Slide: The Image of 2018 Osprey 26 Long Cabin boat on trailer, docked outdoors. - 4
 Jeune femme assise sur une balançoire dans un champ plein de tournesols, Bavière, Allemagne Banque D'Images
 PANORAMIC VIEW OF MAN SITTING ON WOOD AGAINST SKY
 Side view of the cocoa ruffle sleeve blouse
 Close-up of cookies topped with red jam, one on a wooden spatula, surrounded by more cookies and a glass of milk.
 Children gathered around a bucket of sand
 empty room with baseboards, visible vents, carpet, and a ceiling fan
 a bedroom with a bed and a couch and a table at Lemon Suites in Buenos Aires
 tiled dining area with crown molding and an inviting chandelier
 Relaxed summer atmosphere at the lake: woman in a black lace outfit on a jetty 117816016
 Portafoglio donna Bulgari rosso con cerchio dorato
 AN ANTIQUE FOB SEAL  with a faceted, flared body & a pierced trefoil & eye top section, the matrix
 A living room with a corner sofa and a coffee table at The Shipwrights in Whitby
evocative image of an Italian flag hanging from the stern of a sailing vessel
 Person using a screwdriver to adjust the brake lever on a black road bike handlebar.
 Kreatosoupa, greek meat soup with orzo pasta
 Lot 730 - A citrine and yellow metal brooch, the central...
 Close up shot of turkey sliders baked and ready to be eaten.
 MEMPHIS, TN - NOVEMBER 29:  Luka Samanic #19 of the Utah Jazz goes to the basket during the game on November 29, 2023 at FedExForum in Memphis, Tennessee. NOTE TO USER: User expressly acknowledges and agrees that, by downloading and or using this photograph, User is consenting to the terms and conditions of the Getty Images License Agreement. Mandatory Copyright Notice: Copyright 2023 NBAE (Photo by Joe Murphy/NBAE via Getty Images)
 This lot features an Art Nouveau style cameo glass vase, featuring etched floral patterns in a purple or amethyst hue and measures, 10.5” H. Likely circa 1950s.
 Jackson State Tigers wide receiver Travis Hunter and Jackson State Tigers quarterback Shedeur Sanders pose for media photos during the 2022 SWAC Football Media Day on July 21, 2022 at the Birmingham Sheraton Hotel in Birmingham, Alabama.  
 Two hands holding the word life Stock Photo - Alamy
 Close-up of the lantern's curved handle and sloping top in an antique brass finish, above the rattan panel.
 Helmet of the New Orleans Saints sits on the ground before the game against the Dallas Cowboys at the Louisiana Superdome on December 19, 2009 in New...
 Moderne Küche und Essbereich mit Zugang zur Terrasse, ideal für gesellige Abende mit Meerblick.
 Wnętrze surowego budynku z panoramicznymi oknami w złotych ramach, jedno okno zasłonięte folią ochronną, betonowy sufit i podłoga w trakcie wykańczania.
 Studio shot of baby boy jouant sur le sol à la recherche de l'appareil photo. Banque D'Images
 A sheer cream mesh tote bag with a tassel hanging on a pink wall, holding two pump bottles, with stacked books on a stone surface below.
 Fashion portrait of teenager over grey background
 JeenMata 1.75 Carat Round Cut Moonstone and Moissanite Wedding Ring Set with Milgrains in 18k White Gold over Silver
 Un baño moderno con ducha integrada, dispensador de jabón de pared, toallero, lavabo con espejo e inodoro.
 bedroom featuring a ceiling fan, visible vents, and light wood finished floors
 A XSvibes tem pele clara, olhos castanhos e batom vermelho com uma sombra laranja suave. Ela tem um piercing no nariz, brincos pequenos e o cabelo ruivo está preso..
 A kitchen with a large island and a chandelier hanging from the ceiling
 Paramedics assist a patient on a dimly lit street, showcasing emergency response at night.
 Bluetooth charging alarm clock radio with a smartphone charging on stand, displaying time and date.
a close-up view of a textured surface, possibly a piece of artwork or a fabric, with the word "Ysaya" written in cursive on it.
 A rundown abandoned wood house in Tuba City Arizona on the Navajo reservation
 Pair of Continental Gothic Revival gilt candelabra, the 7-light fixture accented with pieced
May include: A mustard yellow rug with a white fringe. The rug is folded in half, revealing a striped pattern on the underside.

--------------------

Work instruction => Show all lines above holding "word".

Response below =>
 Two hands holding the word life Stock Photo - Alamy
a close-up view of a textured surface, possibly a piece of artwork or a fabric, with the word "Ysaya" written in cursive on it.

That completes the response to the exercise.